Last week I wrote about installing ElasticSearch on your local machine. Today I will focus on using this search engine – indexing and searching for data.
BTW If you find something suspicious in my post, let me know because I’m still discovering ElasticSearch and there is probably lots of facts and tricks I don’t know.
Some help – Sense plugin
First of all, I recommend installing Sense for Chrome. It works like a charm and makes you be able to focus on indexing and only indexing. Very helpful for a beginning! When installed, Sense is accessed by the green tree (??) icon marked on the below screen.
Here we start
Before we start playing, remember to fire the ElasticSearch. Without this, you will get the following error:
‘Request failed to get to the server (status code: 0):’
Starting ES is described in my previous post.
Let’s index something!
Let’s assume we have a huge collection of companies and we want to search it quickly (wow, it’s just like in my pet project, ReMaster! What a coincidence!).
This is how we build our index: PUT /companies/company/1
{ "name" : "John's Grocery", "city" : "Warsaw", "street" : "3 Maja 15", "owner" : "John Bravo" }
When we click the green arror, the result will appear in the right pane:
Let me tell you a little bit what the result JSON means:
“_index”
Ok, so what happened? We just put the first element to the ‘companies’ index. The index didn’t exist, so ElasticSearch just created if for us. It’s a helpful guy, don’t you think?
So the string followed by the “_index” is just an index name.
“_type”
Within this index, we created a type and called it a company. We will have a lot of company objects in our companies index. We can also have other types in this index, for example branch_office or employee.
“_id”
We specified the id of the object. Our index was empty so the record was saved but guess what would happen if we try to save some other data with the same id in the index? For example let’s fire the following block:
PUT /companies/company/1 { "name" : "Gardella", "city" : "London", "street" : "Oxford str.", "owner" : "Billinda Gates" }
Anyway, don’t read further for a moment, try to guess what will happen!
Well…
The data in index will be updated. Yep, overwritten. So keep it in mind :).
“_version”
ES versions its data so if you update it (like I wrote above – by simply PUT-ing a new data in the same place in index), version number will increase.
“result”
Obvious – if the indexing went OK you will get ‘created’ or ‘updated’ result.
“_shards”
Shards are low-level pieces of data. You can think of it like that: one document = one shard.

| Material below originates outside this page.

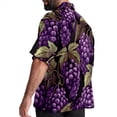 thumbnail image 3 of Grape Men's Casual Printed Button Down Short Sleeve Spread Collar Beach Shirts for Summer, Unisex, 3 of 6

One index has a lot of shards. There are 2 types of shards – primary (which are searched always first) and replica shards (these are kind of a backup and influence the search performance). For now, this amount of knowledge seems to be enough.
BTW Did you notice that there are two blocks of Sense commands in the above screen? That’s right, you can have a as many block as you want and fire (with the green arrow marked on the screen) only the desired one. You see, I told you Sense is a great tool!
It’s time to check the index
Ok, we indexed one company, but how to retrieve the data from it?
Well, very simply! You just paste the following code in Sense left pane and click the green arrow:
GET _search { "query": { "match_all": {} } }
In the result we get some new keywords.
“_score”
ElasticSearch analyses the data to fit the query. This way it ranks the data, giving it scores. The higher score, the greater probability that these are the data you are looking for. The highest value is 1, anyway ;).
“_source”
Just the found record content.
Show me something!
Ok, let’s do something more ‘sophisticated’. Let’s search a company with a given name! What a challenge! 😉
I modified data in my index so it looks like this:
{ "took": 7, "timed_out": false, "_shards": { "total": 5, "successful": 5, "failed": 0 }, "hits": { "total": 4, "max_score": 1, "hits": [ { "_index": "companies", "_type": "company", "_id": "2", "_score": 1, "_source": { "name": "Gardella", "city": "London", "street": "Oxford str.", "owner": "Billinda Gates" } }, { "_index": "companies", "_type": "company", "_id": "4", "_score": 1, "_source": { "name": "Nails world", "city": "Berlin", "street": "Brown Strasse 4A", "owner": "Hilda Himmel" } }, { "_index": "companies", "_type": "company", "_id": "1", "_score": 1, "_source": { "name": "Makeup & nails", "city": "Warsaw", "street": "3 Maja 15", "owner": "John Bravo" } }, { "_index": "companies", "_type": "company", "_id": "3", "_score": 1, "_source": { "name": "Gardella Co", "city": "Paris", "street": "Other Av.", "owner": "Pierre Newman" } } ] } }
Let’s search for a company with the “nails” phrase in its name!
We fire the following code:
GET _search { "query": { "match": { "name": "nails" } } }
As you can see, ES found 2 companies with ‘nails‘ in name. The scores it gives our data are different and quite far from the magic value ‘1’. So it really works, I guess ;)!